For our practice then, this means we can use any of the elemental bija sounds at any of the chakras. Without going into all the implications of that here, we can understand that if there’s a need for more fire throughout the entire chakra system we can us the bija mantra ‘ram’. We can chant that sound in place of OM as we move through each of the chakras. If the need is for more space, we can use ‘ham’. If we need to become more grounded we can use ‘lam’, the bija for earth, etc…
Here’s a few ways to work with the elemental bijas:
- Choose one bija mantra to work with in the way we previously worked with OM.
- Chant through each individual chakra, internally or audibly.
- Or use the alternative technique of one long, drawn out chant.
- Chant each elemental bija mantra that corresponds with the element in each chakra. Start with OM at the third-eye, ham at the throat, yam at the heart, ram at manipura, vam at the sex, and lam at the base chakra. Allow your awareness to rise through the central channel to the crown, rest there in the silence for a moment, then repeat the cycle.
Different Traditions, Different Approaches
In some yoga traditions, such as hatha yoga and kriya yoga, the elemental bija mantras — as well as OM and other mantras — are chanted within the spinal column (again, more accurately, the central channel or sushumna). The idea is to trace the elements back toward their Source, from lower, denser energies, into higher and finer vibrations.
You go from earth to water, from water to fire, from fire to air, from air to space, then from space into that which is beyond all the physical elements. You transcend time and space and dissolve into pure Spirit, into Awareness Itself.
This is not in opposition to the practice of Rudra Meditation. But with our work, we take a different approach. We open and surrender to the downward flow of Higher Creative Energy. We allow it to break apart our limiting mental constructs and all the other energetic blockages that keep us stuck in lower states of consciousness.

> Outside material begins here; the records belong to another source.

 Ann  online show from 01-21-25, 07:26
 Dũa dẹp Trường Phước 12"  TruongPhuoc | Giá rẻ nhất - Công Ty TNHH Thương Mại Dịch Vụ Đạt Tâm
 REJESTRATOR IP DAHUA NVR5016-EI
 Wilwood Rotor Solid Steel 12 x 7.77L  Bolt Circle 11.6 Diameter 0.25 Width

By grounding and centering, by opening and surrendering, we give space for the energy to come in, release the blockages, and then begin to rise — in its own way, and on its own time. Our work is to get out of the way and allow this process to take place.
What about the chakras? Why do some systems teach that they’re in the spine, while others instruct us to feel them in the front of the body?

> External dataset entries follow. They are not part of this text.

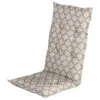 Hartman Jason Sand Hoge Rug Tuinkussen 123x50x8 -Madison Verkoopwinkel hartman jason sand hoge rug tuinkussen 123x50x8 6000x4000 6231bbcde73ed l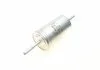 Топливный фильтр 5939 VOLVO/FORD/JAGUAR C30,C70,S40,Explorer,Focus,Tourneo Connect,S-Type 93- BOSCH 0450905939 (фото 6)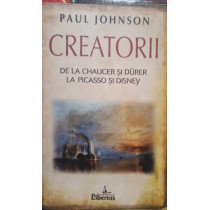 Creatorii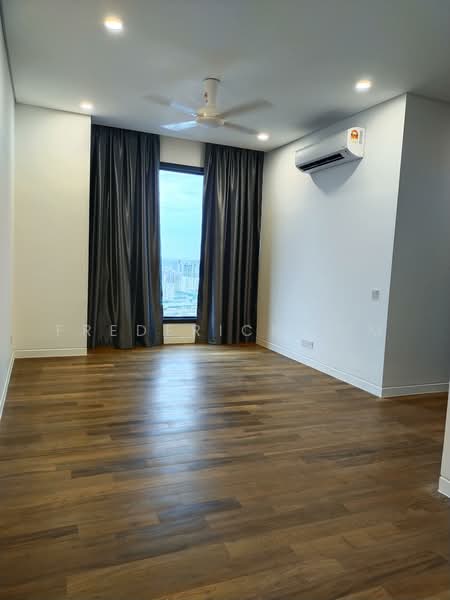 Condominium for Rent at WANGSA 9 RESIDENCY - Frederick Lim - Interior - PropertyGuru.com.my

The major chakras described in most traditions originate in the sushumna channel which runs close to the spine. From there, they flower outward, and this is where we most easily feel them.
For example, when you feel love toward someone you feel an expansion in the heart center. When you get angry, you feel the heart chakra contract. If you feel nervous about speaking up, or giving a public talk, you experience a dryness and constriction in the throat. When you’re among friends and feeling comfortable, the throat chakra opens and conversation flows freely.
There are many other examples I could give, but the point is that the chakras are most easily felt in the front of the body, so that is where it will be easiest to focus your attention. As your practice progresses, and you acquire more sensitivity, you will be able to trace each chakra back to its origin in sushumna.
This happens naturally, you don’t have to seek it out or try to bring the experience about. For example, if you’re sitting in the heart chakra, and you feel it open, a few things can happen.
Your consciousness may expand out from that area to encompass the entire room you’re in. Or you may feel an energy coming through this area and bringing your attention down into manipura chakra. At other times, you may feel your attention being drawn inward, not as a contracting force, but like it’s being sucked into a current. That current pulls you into the sushumna channel where the energy can then rise toward the crown.
Eventually, when you’re open and free of all inner resistance, all energy you encounter will come in, move through you, then rise.